Friday, February 01, 2008

Winter Movie Thoughts

It's definitely been winter up here. This time a week ago all our lovely snow had melted and the temperature was hovering, even at night, in the high forties to low fifties range. When I headed for work on Tuesday morning it was about fifty. When I headed home from LIFEgroup on Tuesday night the temp. was in single digits and headed for negative four. An exciting wild west wind was blowing snow all over the place and making my drive home (c. 15 miles) tense and interesting. By the time I got up we'd had three inches that had drifted into a ridge a foot deep in the driveway between my building and the one next door. On Thursday our predicted snow showers turned into a nine inch deluge. At some point during the super bowl somebody looked outside and noticed that it was snowing and we picked up another 5 inches or so. With temps in the forties and rain today and tomorrow it might all be gone by the time I leave work and by the time I leave LIFEgroup again, the same night it'll be cold and snowing. It's been a fun winter. Some folks are ready for it to go but I'm having too much fun. Thus for the winter part of the title.

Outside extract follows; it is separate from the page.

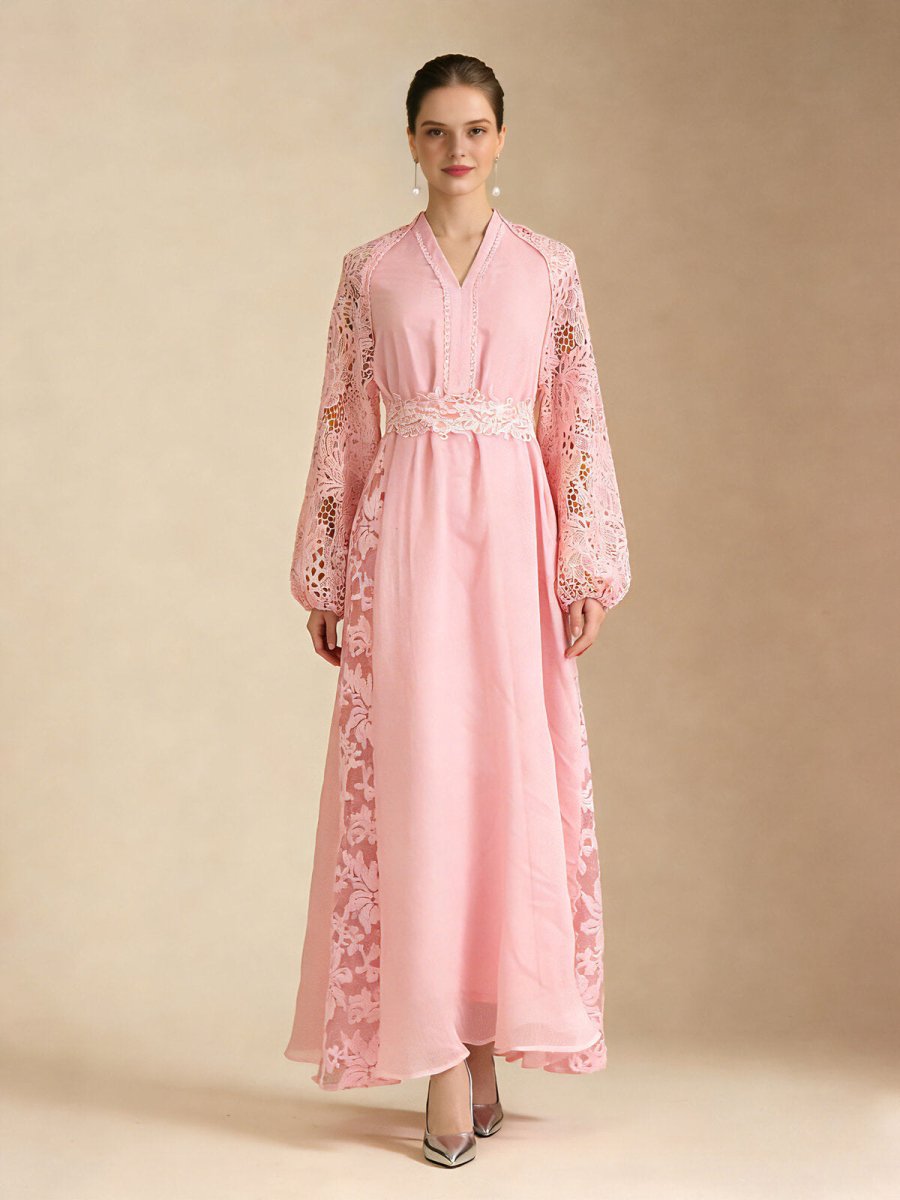 Elegant Lace Sleeve Chiffon Maxi Dress-4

Now for the movie part. I saw a couple of things I wanted to comment on. Also we're doing a movie display at work to coincide with Oscar season (whatever happens to the show itself) at work and Matt asked me to write up reflections about some of the movies on our display that students might not have seen so here're thoughts on two I saw over the weekend and the three displayed.

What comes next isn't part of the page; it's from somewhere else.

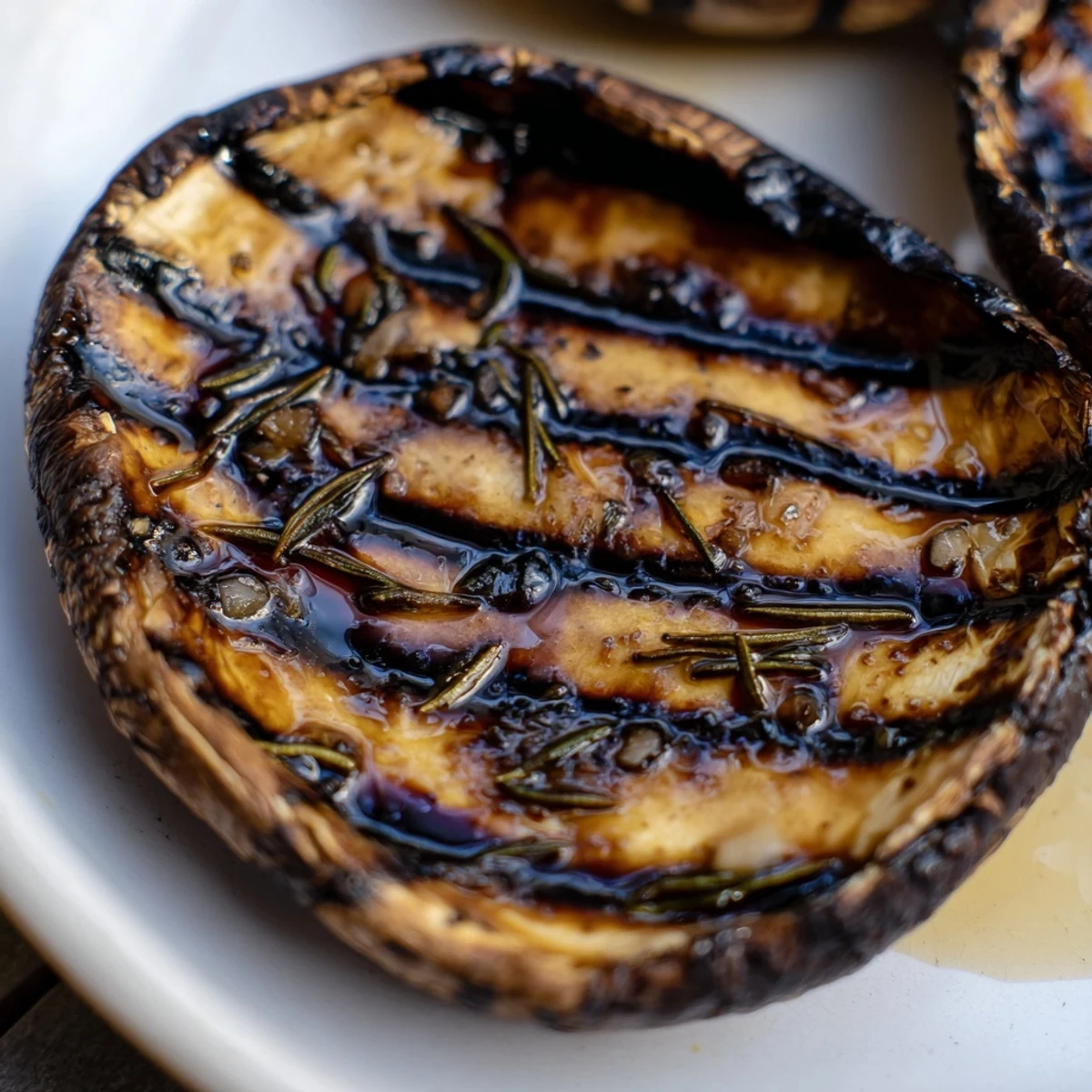 Thick balsamic-marinated Portobello steaks sizzling on a grill pan with fresh rosemary sprigs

1. U2 Concert in 3-D: I saw this on the Imax in Lincolnshire with my friend Dianne on Saturday. I'm impressed with the 3-D technique. It's way beyond what I remember from watching The Creature from the Black Lagoon on t.v. with the cardboard red and blue glasses back in the 80's. Bono and lads as well as the audience really were jumping out of the screen at me. There were a few times when I thought the kids in the seats in front of me were waving their hands in the air but no, it was the Argentine crowd on the screen. Also U2 rocks. There was something about listening to this huge crowd of teens and 20somethings singing along to New Year's Day and Sunday, Bloody Sunday. There's a lot of stuff said about 80's music, but the decade wasn't all bad. Their new stuff's good too, and so is the stuff in between. It was an impressive spectacle.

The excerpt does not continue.